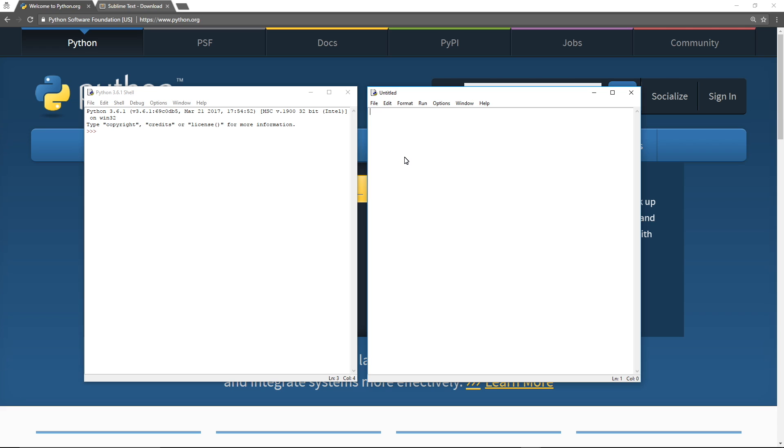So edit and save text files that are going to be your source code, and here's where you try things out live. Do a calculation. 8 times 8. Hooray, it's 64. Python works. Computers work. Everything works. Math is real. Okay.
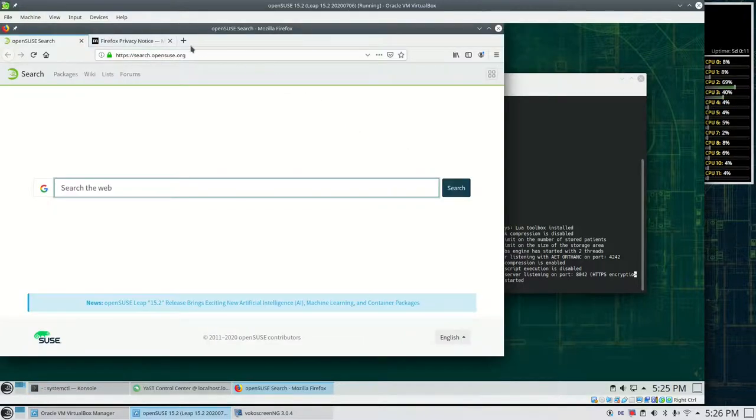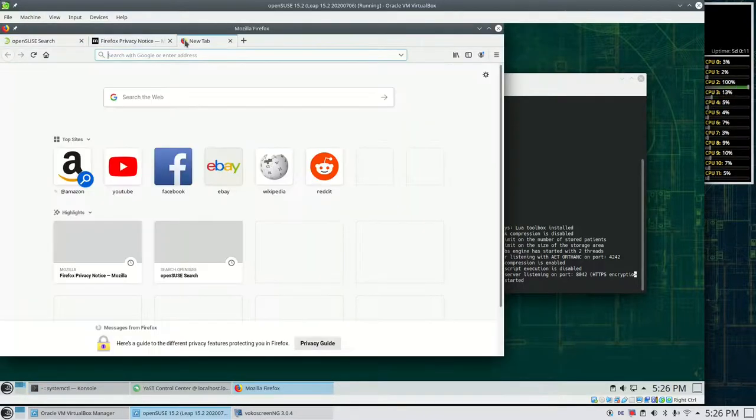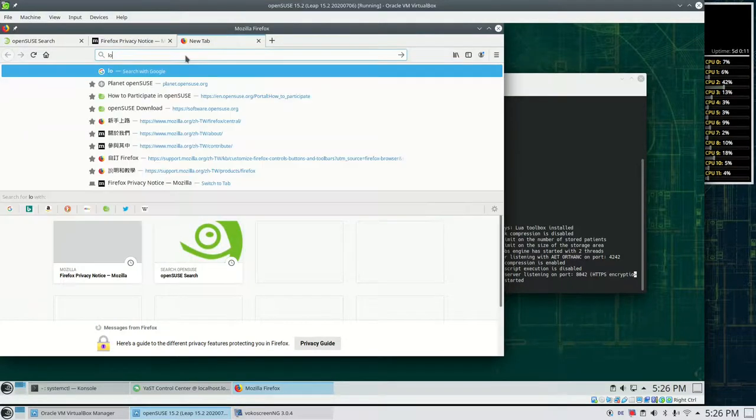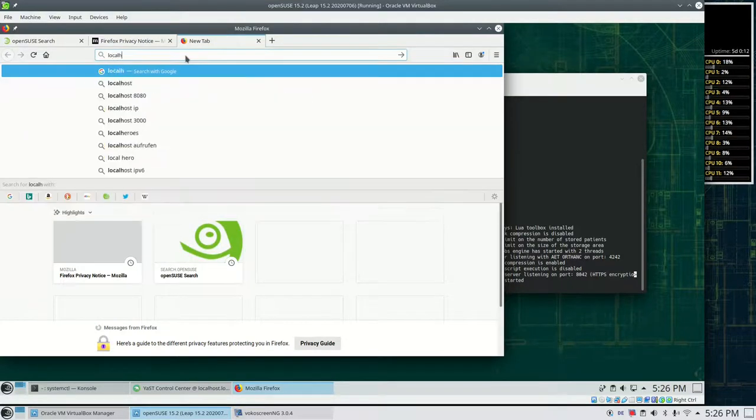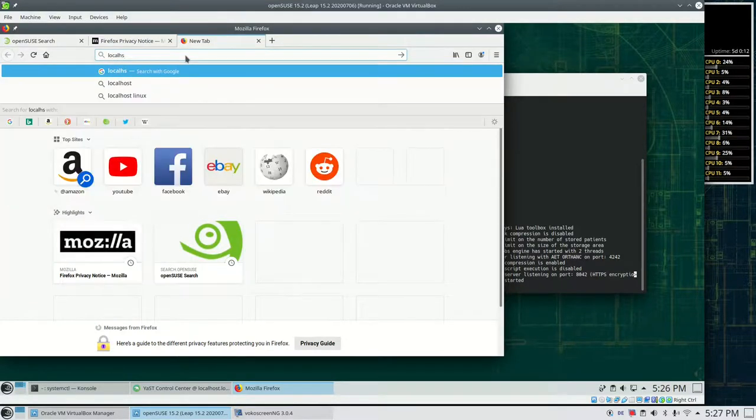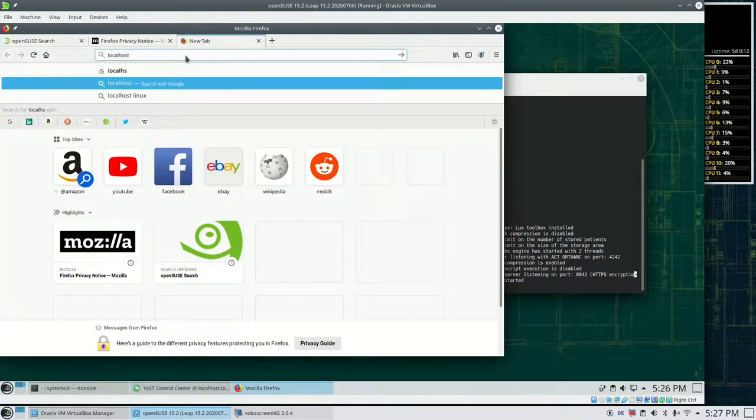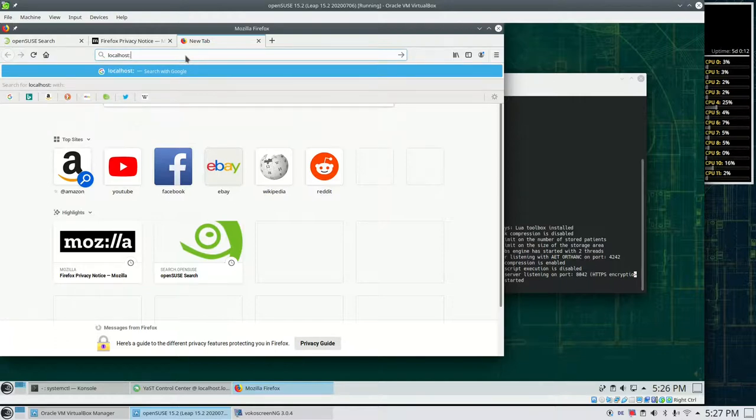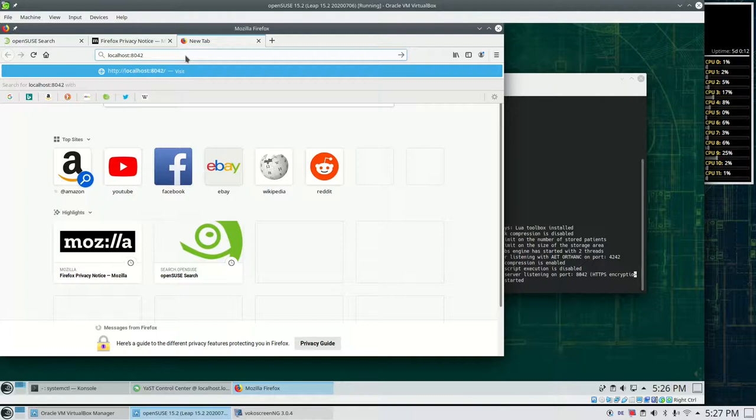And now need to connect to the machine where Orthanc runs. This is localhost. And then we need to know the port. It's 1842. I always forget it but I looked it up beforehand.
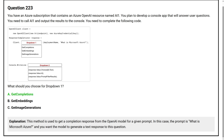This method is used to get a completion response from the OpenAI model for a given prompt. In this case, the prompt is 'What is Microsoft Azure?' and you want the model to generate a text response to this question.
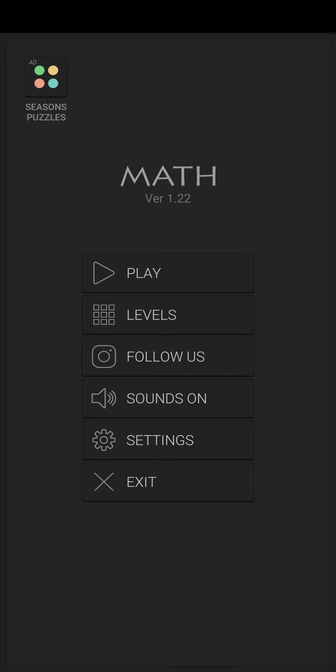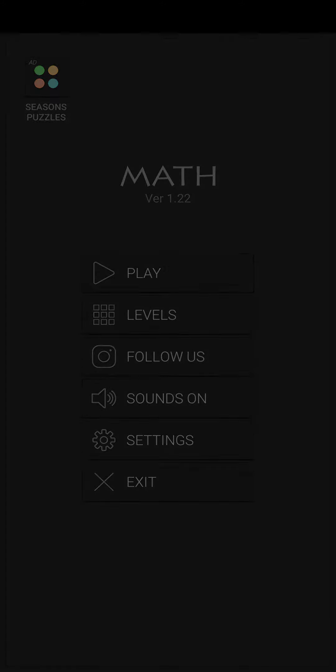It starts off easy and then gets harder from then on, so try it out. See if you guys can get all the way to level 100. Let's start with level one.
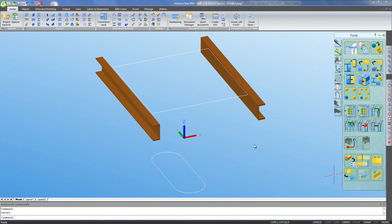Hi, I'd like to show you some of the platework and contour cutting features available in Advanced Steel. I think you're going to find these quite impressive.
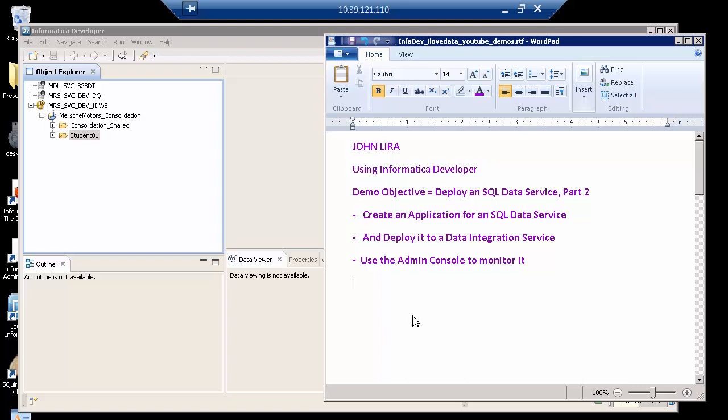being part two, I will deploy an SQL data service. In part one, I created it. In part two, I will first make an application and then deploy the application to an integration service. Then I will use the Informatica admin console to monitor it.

━━━━━━

Required work >> Exclude all images and retype the data precisely.

Answer space >>
So edit and save text files that are going to be your source code, and here's where you try things out live. Do a calculation. 8 times 8. Hooray, it's 64. Python works. Computers work. Everything works. Math is real. Okay.
And now need to connect to the machine where Orthanc runs. This is localhost. And then we need to know the port. It's 1842. I always forget it but I looked it up beforehand.
This method is used to get a completion response from the OpenAI model for a given prompt. In this case, the prompt is 'What is Microsoft Azure?' and you want the model to generate a text response to this question.
It starts off easy and then gets harder from then on, so try it out. See if you guys can get all the way to level 100. Let's start with level one.
Hi, I'd like to show you some of the platework and contour cutting features available in Advanced Steel. I think you're going to find these quite impressive.
being part two, I will deploy an SQL data service. In part one, I created it. In part two, I will first make an application and then deploy the application to an integration service. Then I will use the Informatica admin console to monitor it.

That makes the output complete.